Download instructions

  1. Scatter plot, distribution fit, correlation plot and heatmap can be saved as PDF by clicking Download as PDF. You can name the file before saving it. Also, you can directly drag the plot from the GUI to a folder on the computer.

  2. PCA, noise, entropy and gene ontology pie chart are supported by Plotly. If you are using the GUI in R window or Safari, click Download as PNG and it may take 5 seconds to save the graph. You cannot name the file yourself, so please be aware of overwriting issues. Even if the plot is saved successfully, there may be a 404 Not found message after downloading. Please go to your working directory and check. If you cannot save the graph successfully, please try the following code the Rstudio command line. You only need to run this code once. (You can also simply take a screenshot of the graph.)

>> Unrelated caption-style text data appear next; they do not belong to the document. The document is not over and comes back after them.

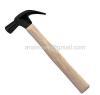 British Type Claw Hammer Wooden Handle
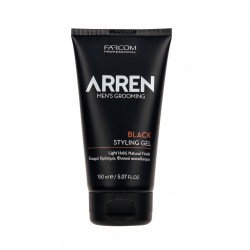 ARREN GEL BLACK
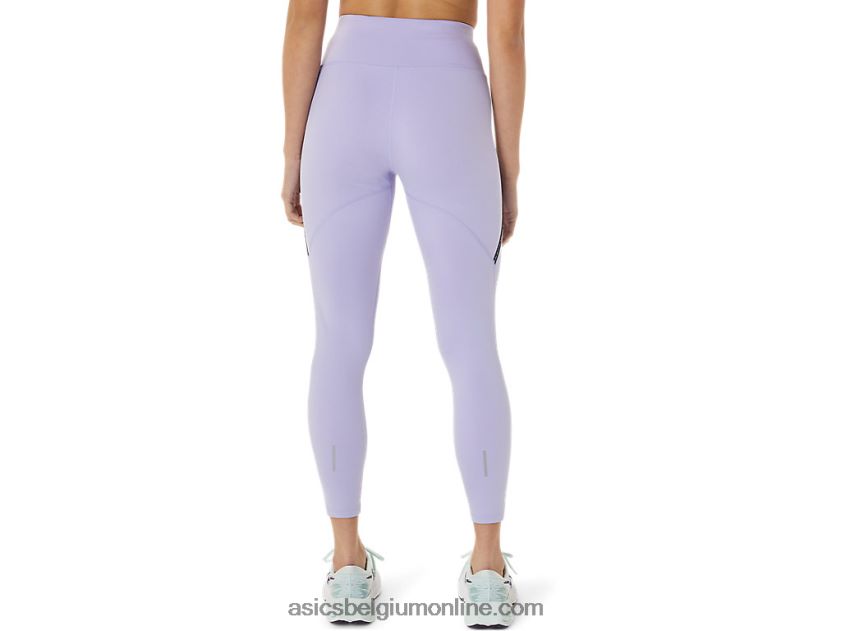 dames race high waist tight V6HXR23113 damp Asics
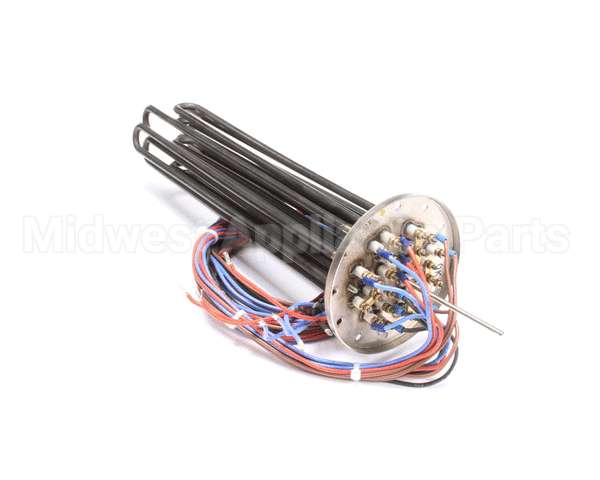 9629880 Meiko Heater, Booster 460V 36 Kw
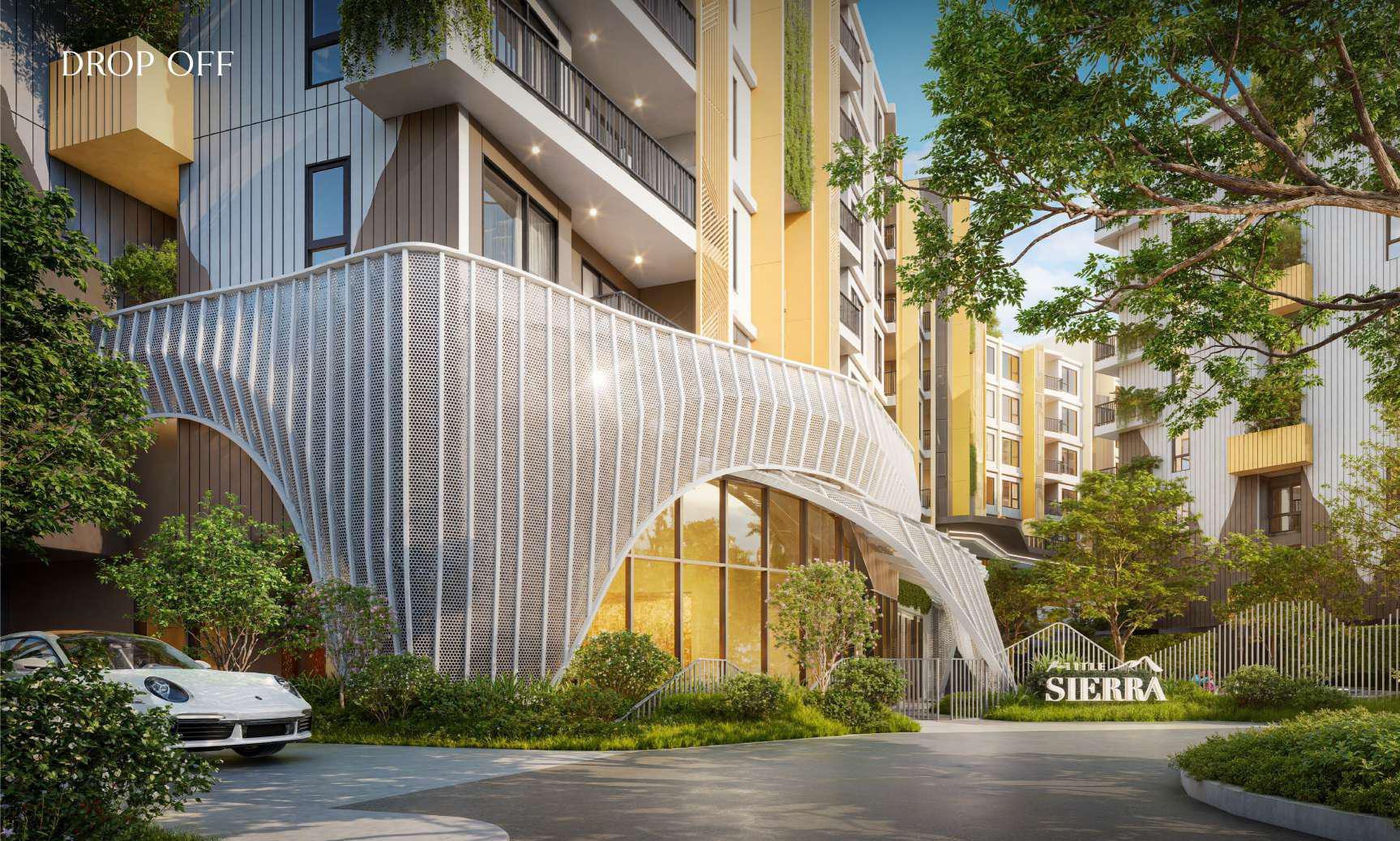 Квартира, апартаменты, Пхукет - Фото 7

webshot::install_phantomjs()

If you are using R window or Safari, and you cannot save PCA-3D graph successfully, please create a plotly account (free). Please go to this website on the instructions of creating a new account and Find your authentication API keys in your online settings (https://plot.ly/r/getting-started/). After that please go to the first two lines in ABioTrans.R file, remove both of the "#" signs, and replace the username and api key with your own. Save the file before you run. However, please be reminded that this Download as PNG button only downloads the PCA-3D plot from the default angle.

  1. For Chrome users, the Download as PNG button may be disabled. Please put your mouse over the graph region and click the left most camera sign to save the plot. It will be saved in the download folder on your computer. You are suggested to use Chrome because it saves you trouble from creating an account and changing the code. More importantly, you can download the PCA-3D plot from any angle.